I woke this morning to an unbidden memory of me, a young child, sitting on my mother’s lap. I loved her so much in that moment, I feared losing her and blurted, “I hope I die before you.”
She slapped me. I can’t remember if it was verbal or physical, not that it mattered, I was stunned at the rejection of my expression of love.
It’s been on my mind all morning, why she reacted the way she did. Then I remembered she saw her mother and her mother-in-law each lose a child.
When my mother was in grade school, her 19-year-old brother died of leukemia. She heard about his passing on the school bus. Gossip in a small town.
My mother rarely spoke about the grief of losing him, or the grief her mother endured, but I imagine it was searing.
As a kid, I spent summers with her mother, Ma. We all called her that. She lost two children, an eldest daughter before my mother was born, and her son.
I enjoyed spending time with Ma. She told me you eat a pound of dirt before you die. True words, although I have eaten more than a pound by now thanks to her saving me from drowning when I jumped off Pout Rock into deep water. Always no nonsense, she hiked up her dress and pulled a terrified me out of Lake Whitehall.
When I became a mother, I asked her what it was like to lose a child. She said, it was harder to lose a child you lived with for 19 years, than a baby, but both hurt.
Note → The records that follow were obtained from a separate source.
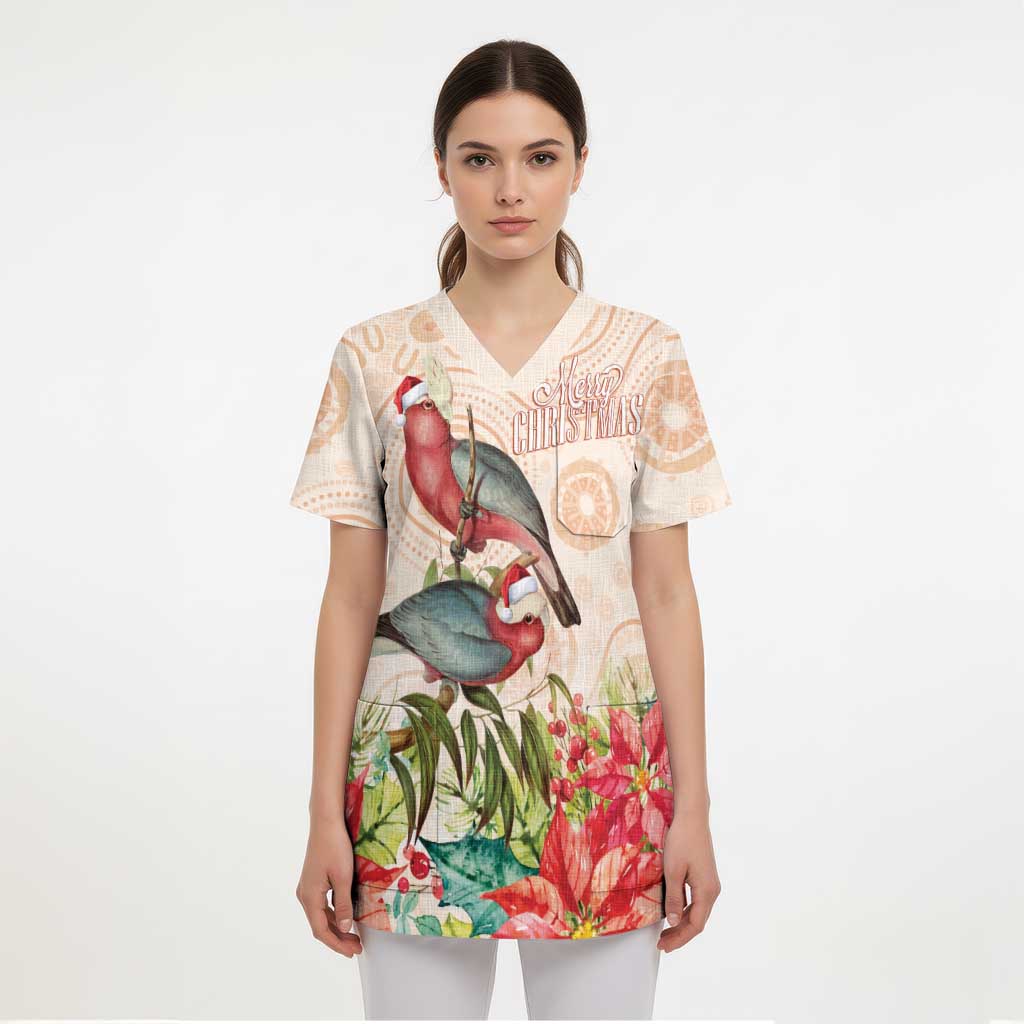 Merry Christmas Aussie Aboriginal Scrub Top Rosebreasted Cockatoo Pastel - Aussie Hoodie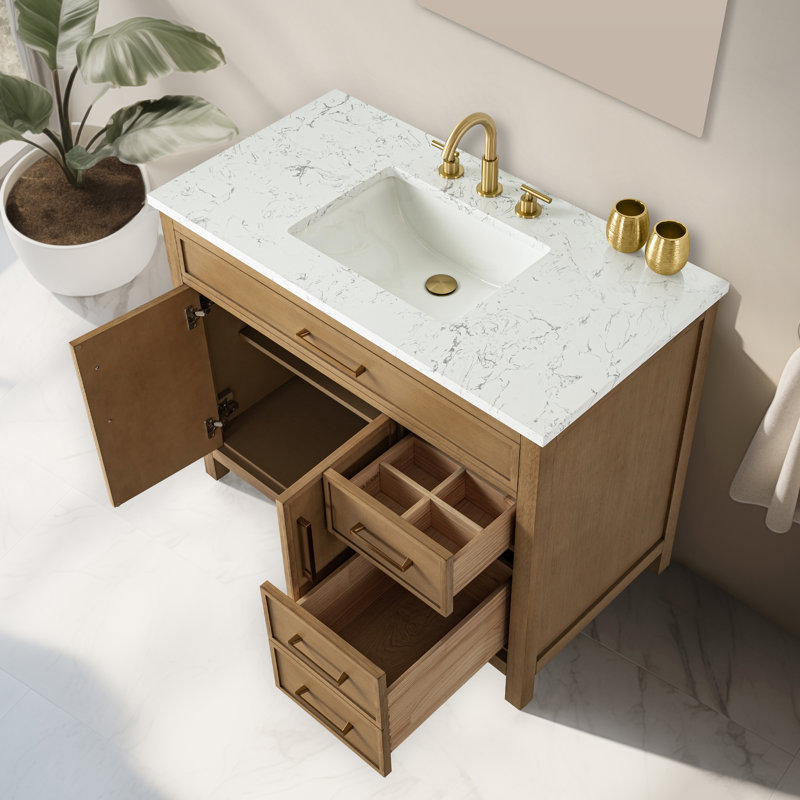 Meuble-lavabo simple 42 po Reajean, Caramel / bronze brossé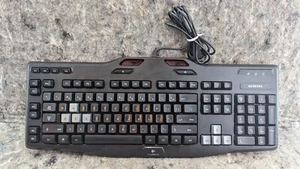 LOGITECH G105 820-004112 WIRED ILLUMINATED GAMING KEYBOARD BLACK TOP RED BOTTOM - Picture 1 of 22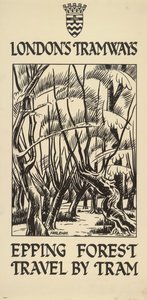 „Epping Forest, Utazás villamossal”, London Megyei Tanács LCC Tramways plakátja, 1922 alkotó: FW Farleigh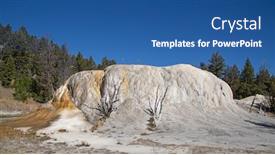  Presentation with yellowstone - Presentation consisting of mammoth-hot-springs background and a ocean colored foreground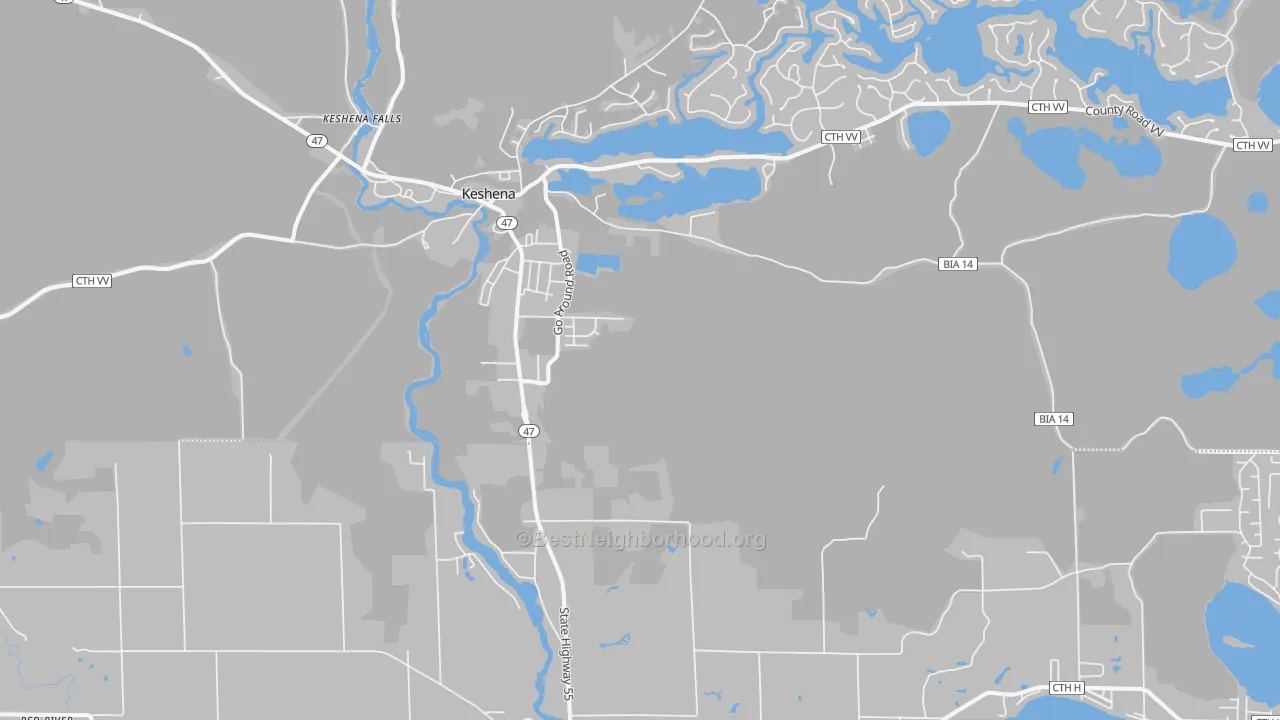 Transit Grade map of Keshena, WI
My mother was there when my Nana lost her 17-year-old son in a car accident. After Thanksgiving dinner, my father and great uncle went to the store for cigarettes. They heard police sirens, followed, and discovered the mangled car my father once owned.
My mother, pregnant with me, found my father curled up in a ball in the back seat of his uncle’s car. She opened the door and sternly said, “Joe, get up. Your mother needs you. Go in and take care of her.” He did. And he continued to take care of others until his own illness stopped him.
I was born the following January. Nana took care of me when my mother went back to work. I never saw her grieve. She was in constant motion, spoke softly, if she spoke at all. I do not recall her reprimanding me, but then again, she had a look that stopped anyone from stepping sideways. From her, I learned to keep moving forward no matter what is in the way.
Over the years too many aunts, cousins, friends, have lost children, grandchildren. I never know what to say. I don’t think there is anything that can be said.
I understand my mother’s instinctive reaction to that small child that was me. She loved me as much as I loved her.
Love is always the answer.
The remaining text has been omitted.